Liu Qing Hai tertawa, "Aku segera mengumumkan kelas utama kalian peringkat pertama, kau tidak perlu ikut, bahkan akan menjadi pengajar kelas utama. Yang penting, segera menembus empat perubahan, itu hal utama."

Li Li bergumam, "Sebenarnya aku enggan meninggalkan teman-teman kelas utama, tak ingin cepat pergi dari bagian luar."

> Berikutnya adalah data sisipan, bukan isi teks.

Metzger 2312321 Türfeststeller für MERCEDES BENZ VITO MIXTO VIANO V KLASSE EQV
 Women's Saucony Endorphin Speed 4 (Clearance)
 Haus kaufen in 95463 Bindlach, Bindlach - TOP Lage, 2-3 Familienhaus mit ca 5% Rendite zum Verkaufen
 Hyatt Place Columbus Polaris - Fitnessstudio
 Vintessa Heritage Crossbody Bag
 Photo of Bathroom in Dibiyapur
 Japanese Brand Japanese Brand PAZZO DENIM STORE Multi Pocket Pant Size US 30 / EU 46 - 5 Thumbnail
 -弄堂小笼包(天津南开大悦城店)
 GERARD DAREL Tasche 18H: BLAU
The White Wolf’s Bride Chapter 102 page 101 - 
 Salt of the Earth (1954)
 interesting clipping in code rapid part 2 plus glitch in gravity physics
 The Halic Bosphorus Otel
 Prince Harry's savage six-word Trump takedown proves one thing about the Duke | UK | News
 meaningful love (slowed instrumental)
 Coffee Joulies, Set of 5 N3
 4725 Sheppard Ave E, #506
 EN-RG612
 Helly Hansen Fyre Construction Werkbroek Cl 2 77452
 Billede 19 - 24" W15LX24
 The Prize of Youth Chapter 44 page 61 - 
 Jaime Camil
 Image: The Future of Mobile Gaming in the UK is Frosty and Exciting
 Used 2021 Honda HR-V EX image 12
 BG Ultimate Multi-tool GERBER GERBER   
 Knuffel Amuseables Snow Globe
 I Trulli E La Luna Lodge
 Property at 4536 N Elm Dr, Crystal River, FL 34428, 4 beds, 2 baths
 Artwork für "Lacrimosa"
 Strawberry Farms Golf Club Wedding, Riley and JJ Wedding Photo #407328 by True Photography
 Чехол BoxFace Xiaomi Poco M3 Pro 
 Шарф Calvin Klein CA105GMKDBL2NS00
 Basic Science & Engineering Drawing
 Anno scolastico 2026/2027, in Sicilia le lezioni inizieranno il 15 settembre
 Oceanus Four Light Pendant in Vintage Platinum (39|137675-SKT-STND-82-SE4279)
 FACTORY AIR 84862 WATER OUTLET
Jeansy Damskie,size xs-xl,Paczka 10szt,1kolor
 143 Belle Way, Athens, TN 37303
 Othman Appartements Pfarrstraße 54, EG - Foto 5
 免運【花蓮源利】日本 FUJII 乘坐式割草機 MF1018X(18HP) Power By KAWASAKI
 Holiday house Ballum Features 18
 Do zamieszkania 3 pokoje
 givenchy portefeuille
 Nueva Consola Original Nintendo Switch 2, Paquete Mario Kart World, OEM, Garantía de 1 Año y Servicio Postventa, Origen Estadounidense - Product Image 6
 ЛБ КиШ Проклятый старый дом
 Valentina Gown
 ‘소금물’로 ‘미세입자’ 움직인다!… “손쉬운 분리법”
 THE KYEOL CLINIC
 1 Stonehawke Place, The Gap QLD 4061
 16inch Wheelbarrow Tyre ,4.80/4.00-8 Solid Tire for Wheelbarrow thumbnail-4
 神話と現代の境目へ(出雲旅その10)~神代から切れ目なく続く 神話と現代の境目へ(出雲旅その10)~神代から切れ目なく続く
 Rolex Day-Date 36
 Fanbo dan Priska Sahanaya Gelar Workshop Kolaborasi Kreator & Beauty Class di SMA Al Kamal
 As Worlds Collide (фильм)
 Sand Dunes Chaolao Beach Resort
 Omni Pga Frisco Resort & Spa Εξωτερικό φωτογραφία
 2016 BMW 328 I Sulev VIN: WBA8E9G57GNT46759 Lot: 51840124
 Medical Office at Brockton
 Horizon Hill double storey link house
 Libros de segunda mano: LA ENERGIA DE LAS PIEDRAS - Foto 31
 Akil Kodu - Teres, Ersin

Liu Qing Hai marah, "Kenapa kau begini? Kau tidak ingin cepat jadi pejuang? Pengajar He Wan meninggal, aku akan umumkan ke seluruh bagian luar. Saat melapor ke atas, akan ada dampak buruk, bisa menurunkan penilaian bagian luar. Kalau kau bisa mencatat rekor kenaikan tercepat, atasan pasti senang. Ini demi kehormatan seluruh bagian luar! Harus berusaha."

Li Li baru mengerti maksud Liu Qing Hai; rupanya ia mengira He Wan tewas akibat konflik antar pengajar. Ia tak ingin masalah ini membesar, jadi sengaja memperkecilnya.

Li Li sangat gembira, "Saya akan patuh, pasti dalam beberapa hari menembus ke empat perubahan!"

"Bagus, kalau ada permintaan, katakan saja. Kalau butuh Pil Pengumpul Energi, berapa pun akan kuberikan. Tapi maksimal lima belas butir, kau pasti sudah pernah memakannya, kan?"

"Haha, saya memang sudah memakannya. Saya ingin berlatih di gunung belakang, tak akan keluar sebelum menembus empat perubahan, paling lama tiga hari tiga malam, pasti bisa naik. Tapi teman-teman belum pernah mendapat pil itu! Mohon berikan seratus Pil Pengumpul Energi agar saya bisa tenang melapor ke bagian tengah. Kalau tidak, saya akan terus memikirkan mereka, sehingga berlatih pun tidak tenang, dan tidak bisa naik tingkat."

Liu Qing Hai tertegun, lalu tertawa, "Licik sekali. Bagaimanapun aku pengajar kelas utama, kalau ada prestasi, itu juga jasaku. Seratus Pil Pengumpul Energi terlalu banyak, sembilan puluh saja!"